▶ _PROBLEM DETAILS_
Without any pictures, the records below should be reproduced exactly.

▶ _TASK MATERIAL_
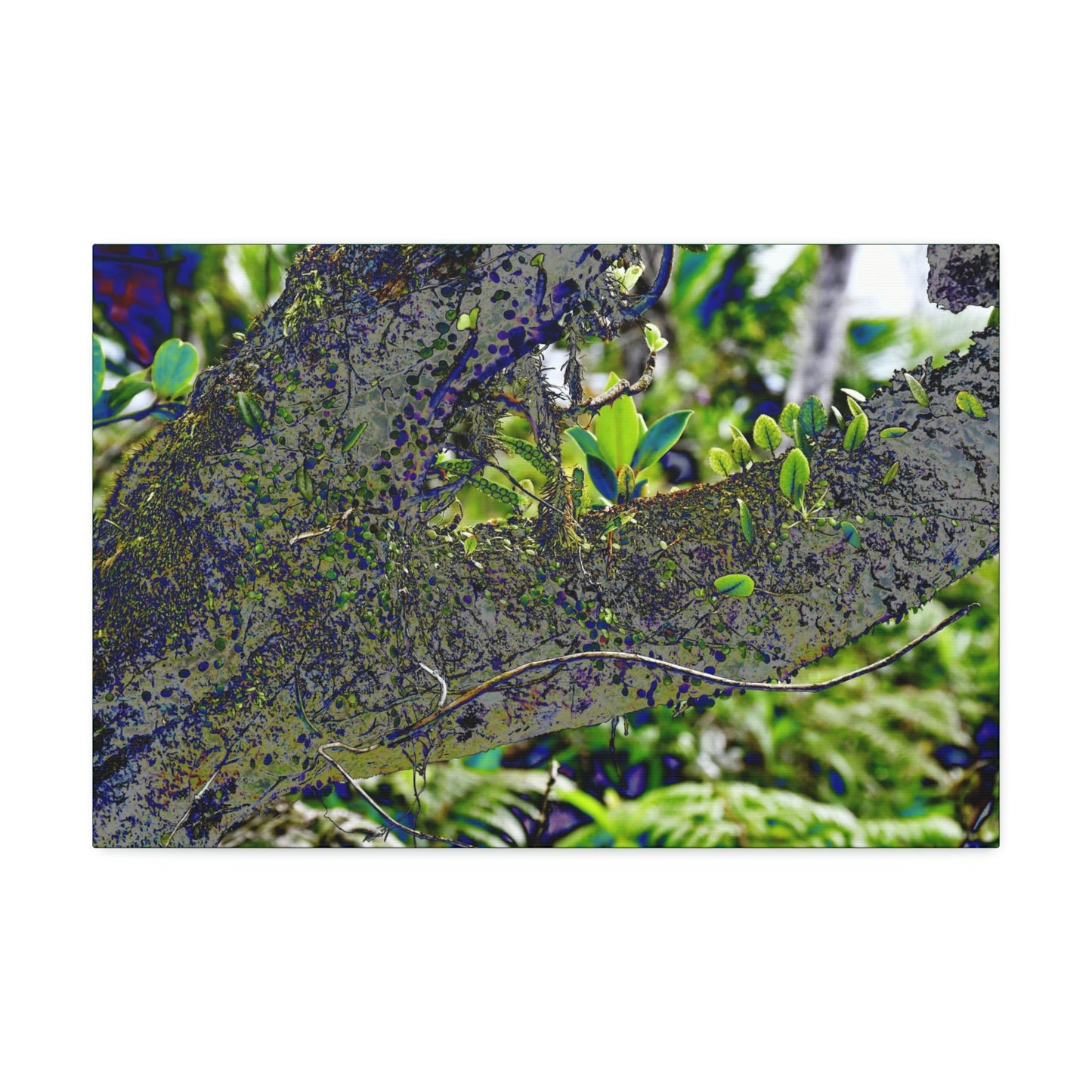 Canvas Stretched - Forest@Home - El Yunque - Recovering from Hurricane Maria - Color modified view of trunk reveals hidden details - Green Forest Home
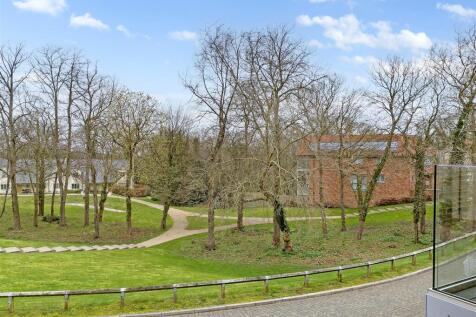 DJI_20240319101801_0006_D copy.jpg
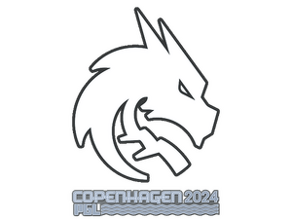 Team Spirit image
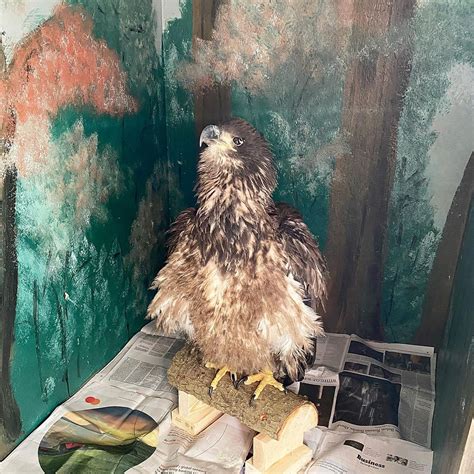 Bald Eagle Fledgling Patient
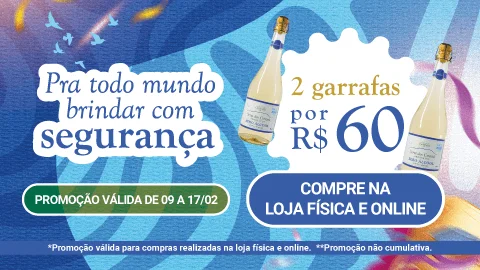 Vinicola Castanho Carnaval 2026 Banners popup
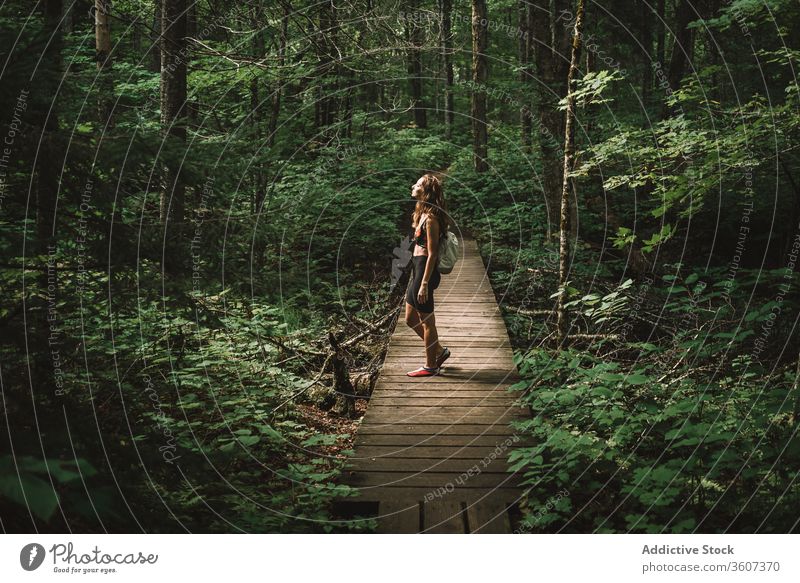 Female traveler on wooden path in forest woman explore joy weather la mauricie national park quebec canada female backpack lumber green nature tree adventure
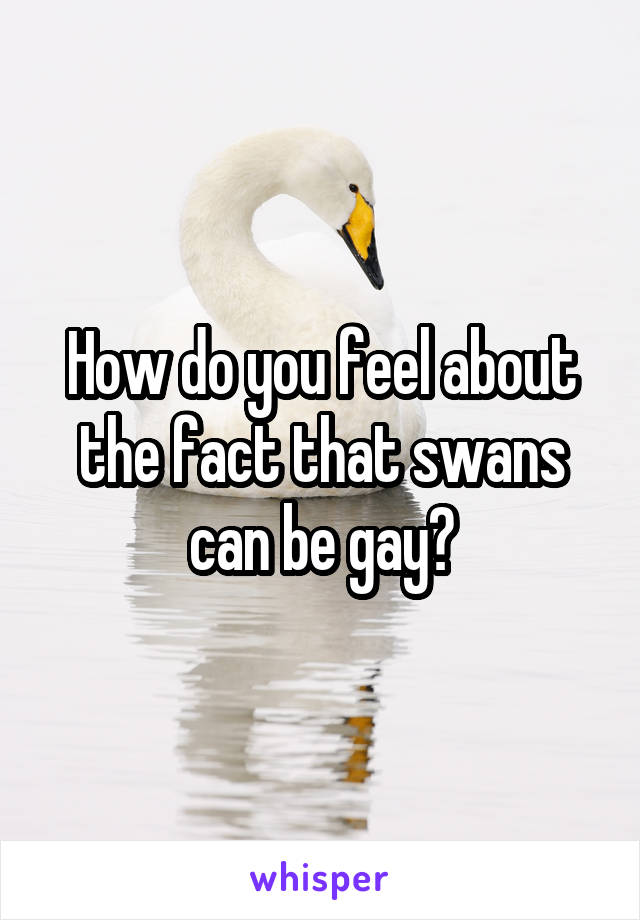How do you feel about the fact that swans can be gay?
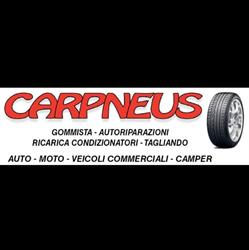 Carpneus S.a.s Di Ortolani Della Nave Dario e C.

▶ _SOLUTION FOR THIS PROBLEM_
 Canvas Stretched - Forest@Home - El Yunque - Recovering from Hurricane Maria - Color modified view of trunk reveals hidden details - Green Forest Home
 DJI_20240319101801_0006_D copy.jpg
 Team Spirit image
 Bald Eagle Fledgling Patient
 Vinicola Castanho Carnaval 2026 Banners popup
 Female traveler on wooden path in forest woman explore joy weather la mauricie national park quebec canada female backpack lumber green nature tree adventure
How do you feel about the fact that swans can be gay?
 Carpneus S.a.s Di Ortolani Della Nave Dario e C.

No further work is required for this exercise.